Shared Flashcard Set


Language final
Undergraduate 2

Additional Anthropology Flashcards




Language and socialisation model

Focus on documenting how people manage concerted activity by constantly informing and conforming each other to whatever it is that is supposed to happen next.

  • EG: Duranti's test of seating. The young boy went by a model dictated by the blueprint of structure he was socialised to know... The matai could use his own sense to bypass the model.
Duality of Structure

The Contrast between need for individuals to rely on some pre-determined system of rules, forms, expectations (structure), and the need to adapt those already available and tested forms to new and often unpredictable circumstances. (Agency)

  • Structure and Agency are mutually constitutive and reflective, in that people/agents shape structure (if the individuals are skilled), and the Structure confines agency to somewhat normative boundaries
  • Structure is the set of resources that act to create meaning, Agency is the ability to act and create meaning 
Ethnography of communication

speech community: people that share rules for producing and interpret language (Samoans, fono members, etc.)

Speech situation: Instance of talking or not talking (Fono, everyday interaction, dinner, fa'alupega)

Speech event: Particular conversation from beginning and end, governed by special rules/norms (specific Fa'alupega speech, interview, etc.)

Communicative acts: Specific utterances: (addressed to chiefs, orators, or various people)

Communicative style/ways of speaking: interchangeable ways of speaking in events (dinner, fono, etc.)

Speaking Mneumonic

Situation: scene setting, what is it a part of, where and when (psychological+physical)


Participants: Who speaks, who is listening, audience, what relationship (ali'i vs. tulafale)


Ends: Reasons for speech, what is the agenda (goals are specific)


Act Sequence: What words are used and in what order (Remember duality of Structure.. ideal vs actual)


Key: mood, tone, spirit of speech (Duranti had people interpret but was misinterpreted without the specific context...Duranti states this as most important)


Instrumentality: Space+Time+language+styles of speaking (I.E> semiotic resource) 

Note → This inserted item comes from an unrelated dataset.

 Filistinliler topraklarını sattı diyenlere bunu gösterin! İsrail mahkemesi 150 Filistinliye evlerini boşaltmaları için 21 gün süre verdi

Norms:who and when do people get to speak and where do they sit in relation to each other


Genre: Fono, fa'alupega and everyday...

Heteroglossia (Definition and features in the fono)

Simultaneous existence of multiple forms and norms associated with intertextuality (linking of texts, reffering to eachother, genres share reference from one text to another)


*The fono itself is Heteroglossic as it moves from Lauga to Talanoaga*


*Semiotic resource work in a heteroglossic nature as they are commonly used in conjunction with each other*


In the fono:


A)    Mixing speech registers or codes: Talalnoaga uses profanity, slang, English borrowed words, whereas the Langua they would never be spoken.

B)    More pronounced display of affect: Show of personal emotion in Talanoaga, that in the langua is only used for the gods, reverence, ceremony, geneology. (i.e. proper emotion)

C)    Invocation of Personal Identities: talanoaga uses personal names, langua uses title as it is passed down through descent and is separate from the person. (shows a concern for violating the epic vision of ancestral powers)

D)    Use of quoted direct speech: Langua recite myths, history, titles, etc. In the ceremonial langua uses quoted speech to get personal goals accomplished without direct conflict.

E)    More dialogical exchanges: Macro turns (long ceremonial discourse) in langua, however talanoaga is about dialogue (micro).

F)     Logical argumentation: (if-then) in the talanoaga is a way of getting alternative views into the conversation and compare the past and present.

G) Mention of negative contributions and bad deeds: Langua is all about God is good, Matai are great, etc. Talanoaga is the personalised negative things. This is dealt with as a way to get back to the good


Field Linguistics

Learning about particular linguistic rules or features: entails going to the site in order to find people who can perform specific utterances so the linguist can analyze (not interested in context)

Ethnographic linguistics

Tries to find out what language means in context (performance), participants engage in locally meaningful speech events (language with specific ends). Grammar is only important so far as it affects social life.

  • Methods: to manifest these goals (theoretical more than practical) field, context informants. The goal is to have ethnographic dialogue in which it is spontaneous and indegenous (opposed to researcher affected)
  • Duranti sat in on fono, recorder language, asked people to interpret, talked to other villages to see generalisability, recorder everyday talk to compare (Ethnography of communication framework)
Semiotic resources (main 4)
  1. Language (key)
  2. Space
  3. Ergative Case Marking (ways of mitigating agency)
  4. Time
  5. interruptions
Semiotic resources and how they operate
  1. Space: Seating arrangements have an ideal model in the fono, in which the front and center is reserved for the high status orators (moe'ono), the sides are for Ali'i (highest in the middle), and the back for the lowest ranking individuals, and those who have little or no say.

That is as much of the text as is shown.